» **EXERCISE INSTRUCTIONS**: Without the pictures, output all of the data exactly.

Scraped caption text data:
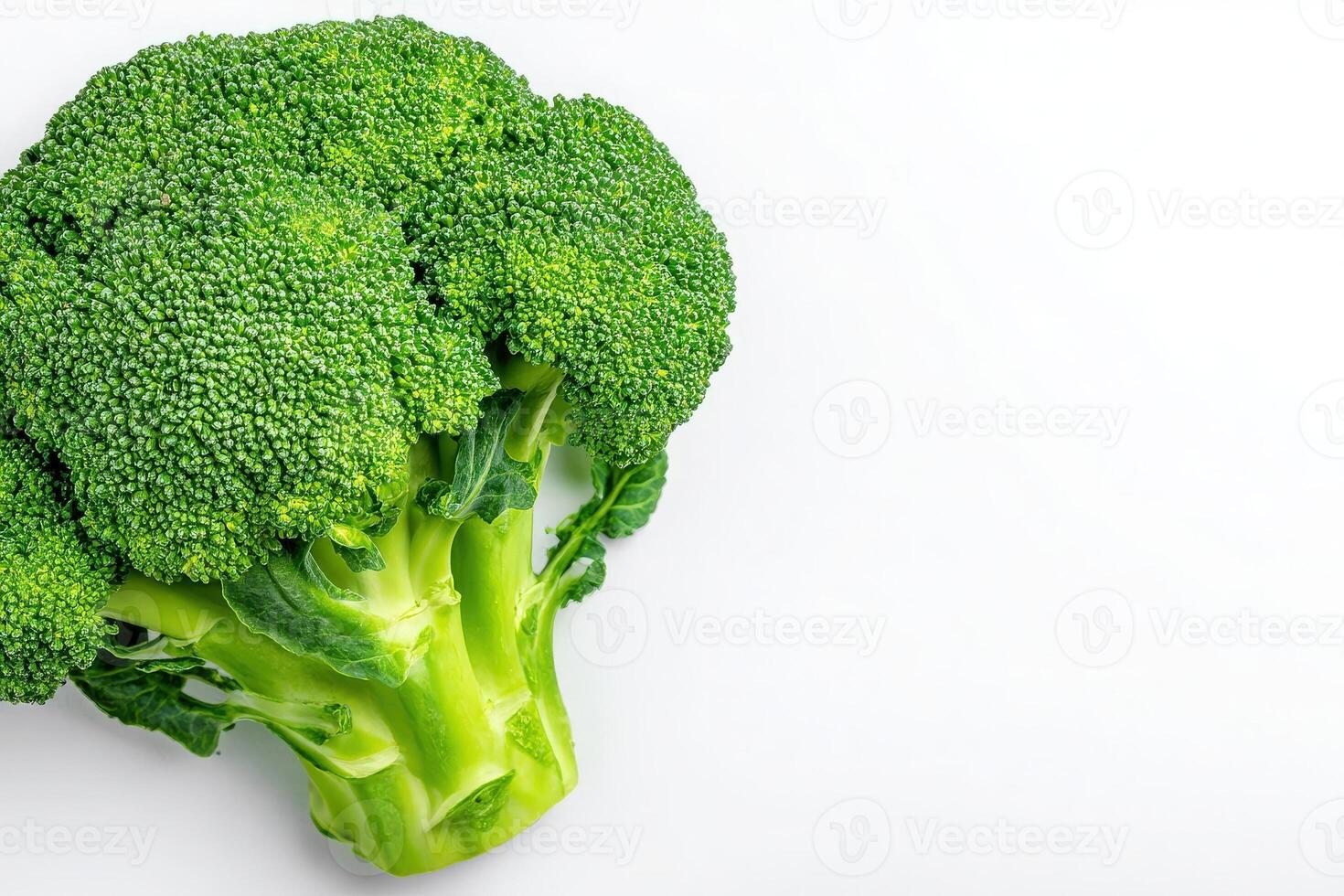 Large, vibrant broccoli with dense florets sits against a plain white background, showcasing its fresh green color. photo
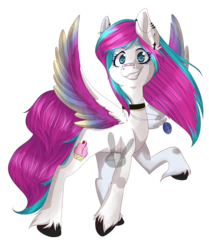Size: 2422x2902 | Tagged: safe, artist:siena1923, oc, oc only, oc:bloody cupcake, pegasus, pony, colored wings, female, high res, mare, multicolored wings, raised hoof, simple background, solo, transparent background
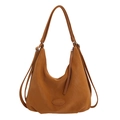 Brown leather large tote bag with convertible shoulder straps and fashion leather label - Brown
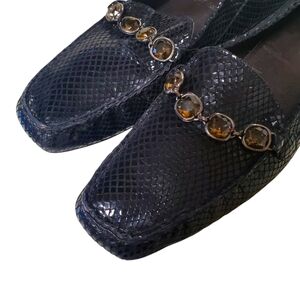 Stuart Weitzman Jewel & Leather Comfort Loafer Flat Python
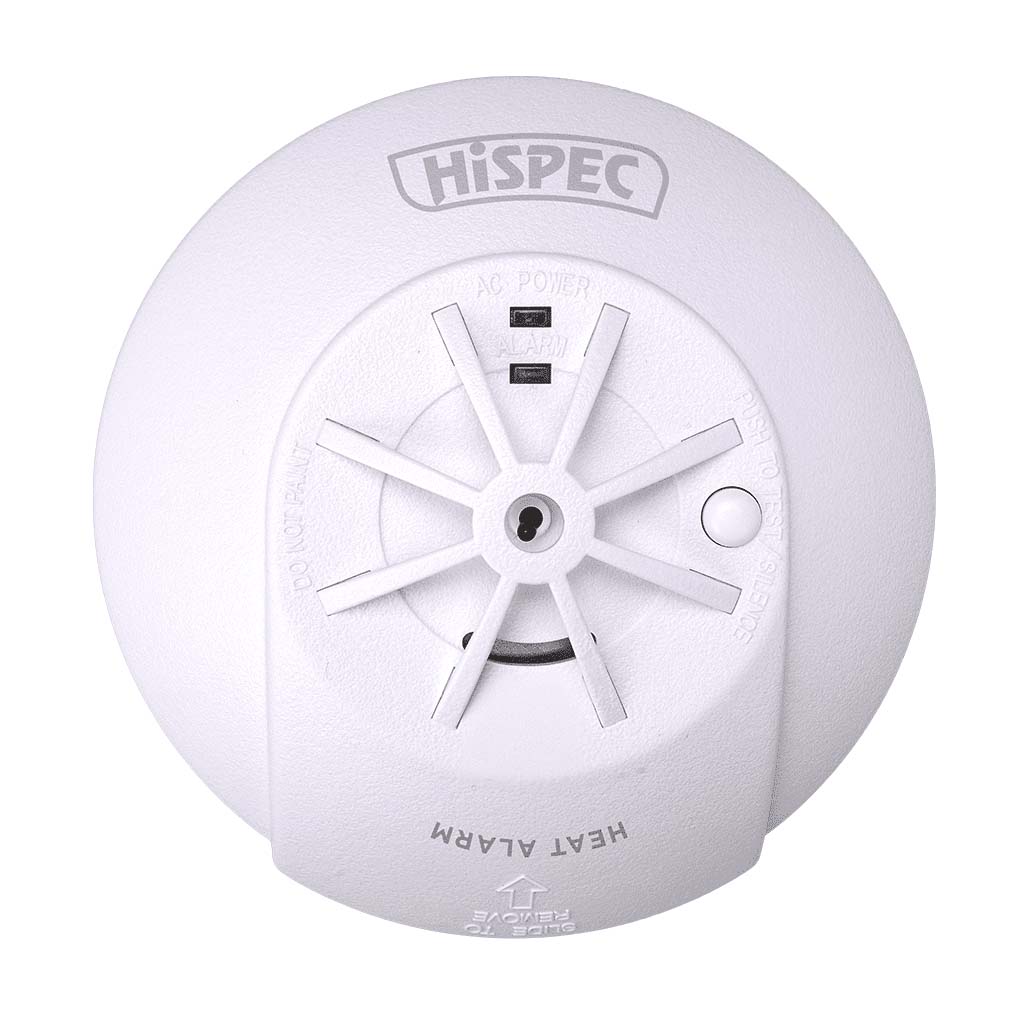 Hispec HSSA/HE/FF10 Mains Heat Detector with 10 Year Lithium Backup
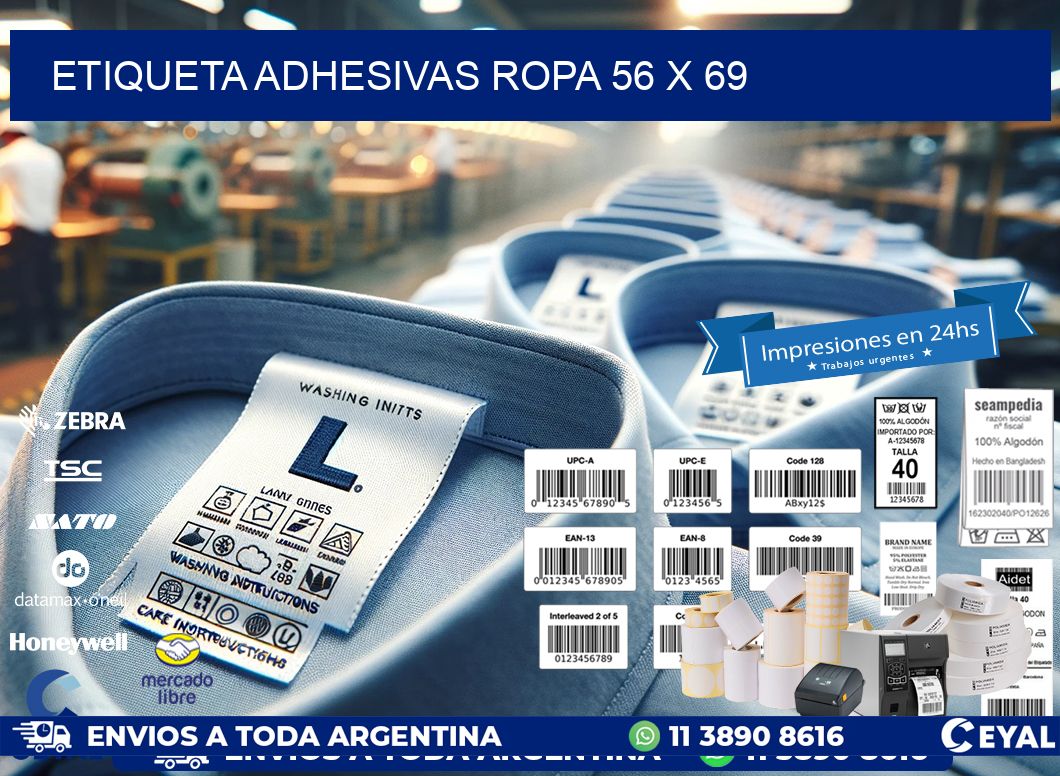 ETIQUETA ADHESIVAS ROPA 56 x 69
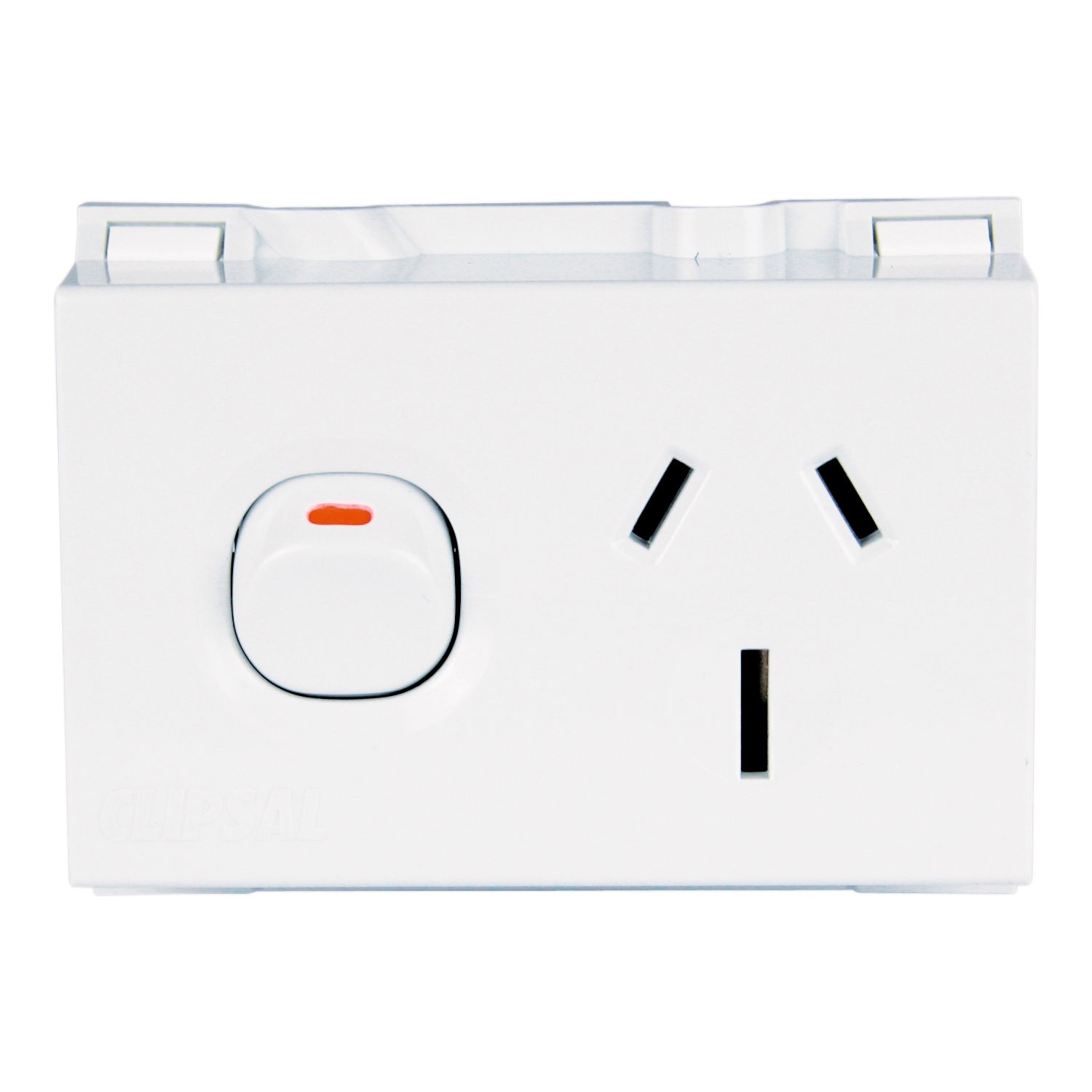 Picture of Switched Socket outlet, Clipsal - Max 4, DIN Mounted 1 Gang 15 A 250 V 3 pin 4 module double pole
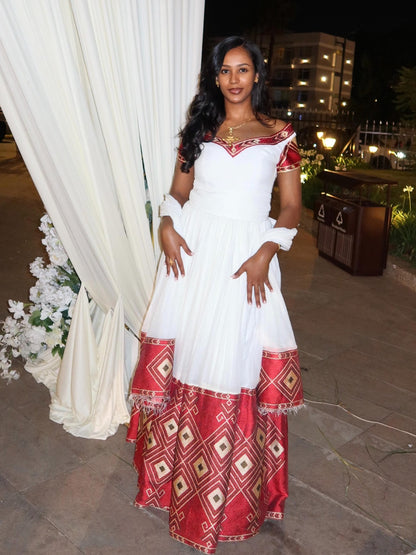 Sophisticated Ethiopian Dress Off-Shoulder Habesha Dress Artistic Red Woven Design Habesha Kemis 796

» **RESPONSE BELOW**:
 Large, vibrant broccoli with dense florets sits against a plain white background, showcasing its fresh green color. photo
Size: 2422x2902 | Tagged: safe, artist:siena1923, oc, oc only, oc:bloody cupcake, pegasus, pony, colored wings, female, high res, mare, multicolored wings, raised hoof, simple background, solo, transparent background
 Brown leather large tote bag with convertible shoulder straps and fashion leather label - Brown
 Stuart Weitzman Jewel & Leather Comfort Loafer Flat Python
 Hispec HSSA/HE/FF10 Mains Heat Detector with 10 Year Lithium Backup
 ETIQUETA ADHESIVAS ROPA 56 x 69
 Picture of Switched Socket outlet, Clipsal - Max 4, DIN Mounted 1 Gang 15 A 250 V 3 pin 4 module double pole
 Sophisticated Ethiopian Dress Off-Shoulder Habesha Dress Artistic Red Woven Design Habesha Kemis 796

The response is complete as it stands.